Go go gadget streak writer *grin*

2010 Recap

This is the obligatory post where I look at my goals from last year and then see where I stand on them now, a year later.

Goal 1. Write 4 novels and submit them
Well, I have three submitted. So that’s not a total fail. I’m short one novel, but will have it ready by Feb.

Goal 2. Have at least 30 short stories in my folders and keep them out on markets until they sell or have nowhere to go
This is a win. I have over 30 short stories in my folders and have been pretty good about keeping them out until they sell (and some have even sold, crazy!).

Goal 3. Finish everything I start
This is a fail for a couple reasons. I started a Middle Grade novel back in June, got about 12k words into it, and quit. I don’t know if I’ll return to it because I just wasn’t feeling the love with the story. I mean, I like the story, but I wasn’t so keen on that whole “middle grade” thing and kept wanting to do horrible things that young people probably don’t want to read about. So it might turn into a weird novella for e-publishing.
I also decided to work on beginnings this fall and toward that end started a bunch of short stories without finishing them. I will finish them at some point (probably during the story a week challenge next year).

Goal 4. Submit everything I finish
Win. I’ve been crazy good about getting stuff into the mail.

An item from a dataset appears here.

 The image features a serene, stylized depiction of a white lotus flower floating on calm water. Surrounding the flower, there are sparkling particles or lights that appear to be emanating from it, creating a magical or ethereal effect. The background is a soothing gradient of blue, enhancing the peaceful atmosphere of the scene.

Goal 5. Keep track of receipts and other things for taxes (I was abominable about it this last year, sigh)
Mostly a win. I know I’ve lost track of some receipts and I wasn’t sure about what counted or not for others, but I’ve done a pretty good job of keeping track of the big stuff (putting it all into a spreadsheet soon is going to be scary. I don’t want to think about how much money I’ve spent at the post office and on workshops etc…).

Goal 6. Try writing at least three things outside my genre comforts (mystery, horror, erotica, something…)
Win. I wrote an entire mystery novel, I’ve been messing around with erotica, and I’m about to start a romance novel. I’ve definitely been writing outside the comfort zone.

Goal 7. Keep going, never look back, never surrender and all that
Well, I haven’t given up yet :)

Basically, I did pretty well this year. I sold three short stories, got a Semi-finalist in the Writers of the Future contest, learned how to put stuff up on Kindle, and wrote almost 350,000 words. I missed my word count goal by about 100,000 but I ran into snags this year that I couldn’t foresee, so I don’t feel that annoyed. I got a lot done, by any measure. And next year is going to be even bigger. I’m just getting warmed up.